There were many opportunities to see the great vocal groups in their prime in the New York metro area. There were of course the theaters that hosted the radio disc jockey revues - The Brooklyn Paramount, home of most of the Alan Freed shows, Loew's State near Times Square where Freed and Jocko held forth, the old vaudeville house on 14th street called at that time the New York Academy of Music which was home for a Freed show, and the landmark Apollo in Harlem, home of many R & B revues and home to Dr. Jive and Hal Jackson shows. But there were other places where the sound of the harmonizing groups held forth. One of these was the wonderfully named Rockland Palace in Harlem, where Dr. Jive (Tommy Smalls) put on an early R & B revue to compete with Alan Freed's first big show at the Brooklyn Paramount. Another venue in Harlem that saw some stage show talent was St. Nicholas Arena. The most famous date there was the first Alan Freed show after he came to New York's station WINS. I remember St. Nick's as a big old barn and heard that it was the site of many professional prize fights over the years, but that magical night in January of 1955 it was the center of the universe.
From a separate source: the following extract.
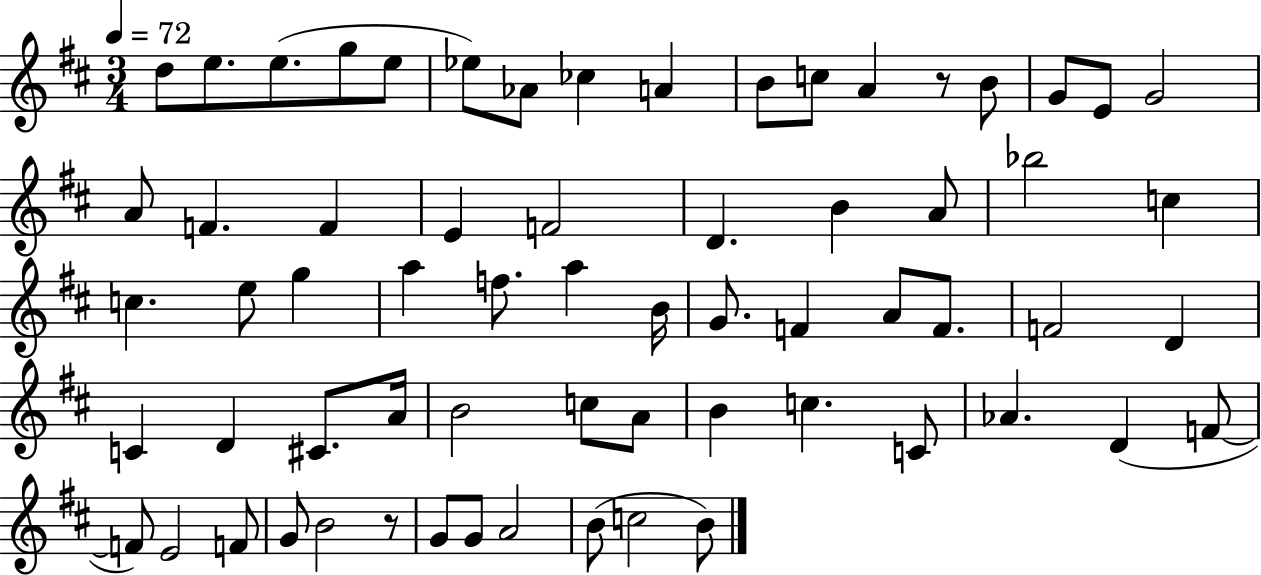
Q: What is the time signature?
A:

It was my indoctrination into the world of R & B performers, the likes of which I had never seen.

Another part of the big city that was the scene of many musical moments during the heyday of the vocal groups was in the Bronx-The Hunt's Point Palace. This was known mostly as a mambo fiend's hangout in the early fifties rivaling Manhattan's Palladium for that honor. This was also a place for jazz and early fifties R & B shows. I used to live in the neighborhood of the big room which was located on Southern Blvd. near 163rd street. A big Saturday was catching a movie at the Spooner and then head for the Palace to hear groups such as the Limelighters, Ladders, and Rob Roys. In the borough of Queens, one place that I remember seeing vocal groups do their stuff was at Lost Battalion Hall. One particular show back in 1956 was a benefit show with many amateur and professional vocal groups and performers. The Cleftones were supposed to be the headliners but they begged off at the last moment and were replaced by The Velours, which was fine with me since I had seen the Cleftones many times, but this was my first (and as it turned out my only) time to see Jerome Ramos and his boys.
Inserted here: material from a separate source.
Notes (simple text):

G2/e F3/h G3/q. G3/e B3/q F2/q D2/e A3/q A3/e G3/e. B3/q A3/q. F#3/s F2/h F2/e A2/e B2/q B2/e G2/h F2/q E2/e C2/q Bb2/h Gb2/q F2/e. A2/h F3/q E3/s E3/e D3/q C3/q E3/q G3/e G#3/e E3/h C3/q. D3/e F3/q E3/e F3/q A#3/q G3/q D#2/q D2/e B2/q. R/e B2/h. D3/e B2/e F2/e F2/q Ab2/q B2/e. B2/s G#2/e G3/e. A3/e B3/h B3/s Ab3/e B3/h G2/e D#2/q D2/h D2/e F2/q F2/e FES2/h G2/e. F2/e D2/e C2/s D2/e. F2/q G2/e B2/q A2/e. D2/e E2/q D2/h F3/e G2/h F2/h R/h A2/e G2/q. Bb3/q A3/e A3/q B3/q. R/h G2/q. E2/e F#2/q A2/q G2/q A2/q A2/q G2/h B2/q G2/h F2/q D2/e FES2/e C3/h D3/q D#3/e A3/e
If you were adventurous and loved the music enough back in the mid fifties, you would even find your way across the Hudson River to Newark, New Jersey. The biggest city in the state was also a hotbed of doowop activity in those days. The big hall was the Mosque Theater in the middle of the city. Whenever they could stage a revue without going into the Big Apple, the Mosque was the place. Some of the NJ radio deejays held their shows there such as Ramon Bruce and Jocko Henderson. Another place that held some great musical moments was the High Street Community Center. The Center ran a program for local talent that featured many area groups and performers. One visit to the center provided great memories of seeing the Young Lads and possibly the Metronomes (the memories are a little hazy over the years). A friend and I also tried to gain entry to a famous NJ night spot called Major's Lounge in an attempt to see the Five Pennies, but we weren't even close to being 21 so it was see 'ya later, alligator !

These were some of the places in and around the city of New York that featured the sound of the rhythm & blues vocal groups during the vintage years of the mid fifties.